Teammate and mentor Jihad Ward rolled his eyes upon hearing of the tears. “He’s a nut,” he said.

Williams wasn’t surprised to hear about the crying.

“I love that guy,” he said.

As for Thibodeaux, he made no apologies.

“Cool guys cry, too.”

The Giants didn’t draft him to be an emotional wreck, though. They brought him here to wreck games. Sunday was the first glimpse of that power.

Great pass rushers are like great relief pitchers minus the hyped-up walk-in music. They show up late and make a final lasting impact on the outcome. That’s something the Giants haven’t had for a number of years, an edge rusher they could rely on to slam the door closed with the game hanging in the balance. A guy who comes up huge in huge moments.

On Sunday, Thibodeaux filled that role for the first time in his short career with the Giants.

He was the closer. He not only got his first sack but recorded his first save.

“This is what they pay me to be there for,” Thibodeaux said. “The fact I was able to get that done, it’s a great feeling.”

Timmy Trumpet doesn’t have a baseball team to glom onto for a few more months. Maybe he’d like to jump on this Giants bandwagon and toot for Thibodeaux?

Maybe those first few weeks of coming close to recording his first career sack but not quite reaching the stat sheet were, like so many other magical elements of this team, somehow meant to be.

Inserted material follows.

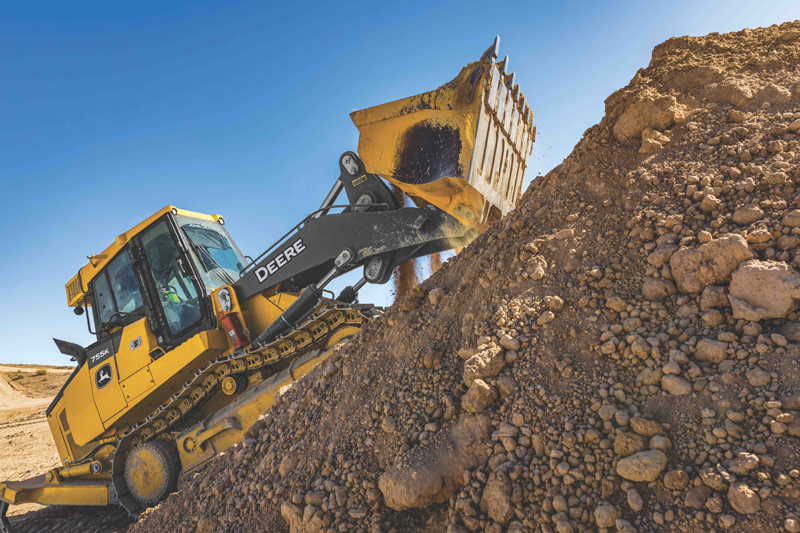John-Deere-755K-crawler-loader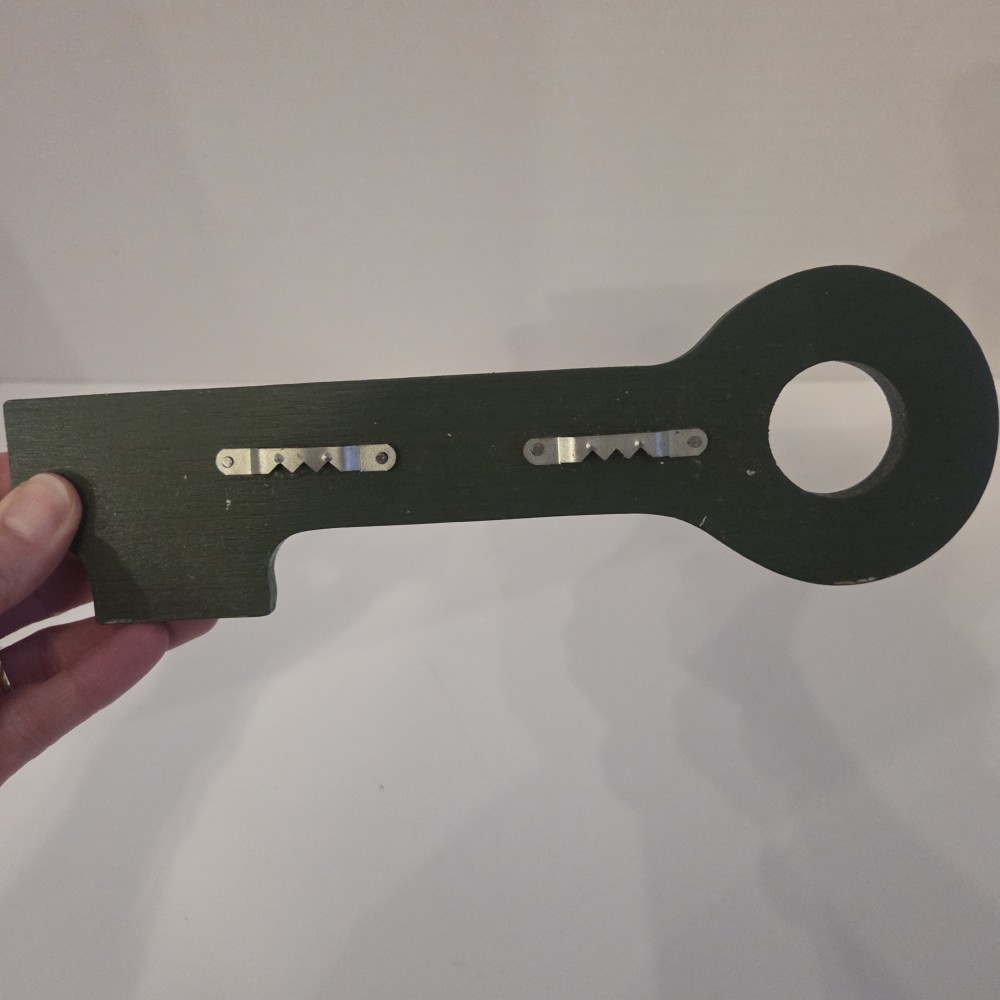 VTG Handpntd Wood Key Holder-As Is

Lots of players record sacks and plenty of rookies register their first ones each week. They come in all kinds of moments: early in games, in losses, in blowout wins.

None of that would suit Thibodeaux. His first needed to be as emphatic as he is, as gaudy as the bejeweled hunk of gold he hung from his neck in the postgame locker room as if he were in a one-man Olympic medal ceremony with his own anthem playing.

It needed to be as loud as the hooting that began in one corner of the locker room for Thibodeaux when he was surrounded by reporters, howling and woofing that he himself joined in with in the middle of an answer before picking up right where he left off after the celebration.

It needed to come with the game teetering. It needed to be a result-influencing sack. It needed to be big.

It was all of that.

While he was walking out of the stadium, Giants radio analyst and Ring of Honor linebacker Carl Banks was asked if he remembered his first NFL sack in relation to Thibodeaux’s. He did, of course.

“But it wasn’t as dramatic as that,” he said.

Banks wasn’t as dramatic a player. Or a person. Few are.

After the locker room show was over and all the cameras and microphones were put away, Thibodeaux walked out of the room with a football nestled under his arm. It was the one he punched out of Jackson’s hands.

Williams recovered it, but Thibodeaux wound up with it in the end.

“I let him have it,” Williams said. “I recovered it, but I’ve recovered fumbles before, and this was his first sack in his NFL career. A game-winning sack. Those are rare. I think it means a lot more to him.”

He didn’t see him crying. He had no idea.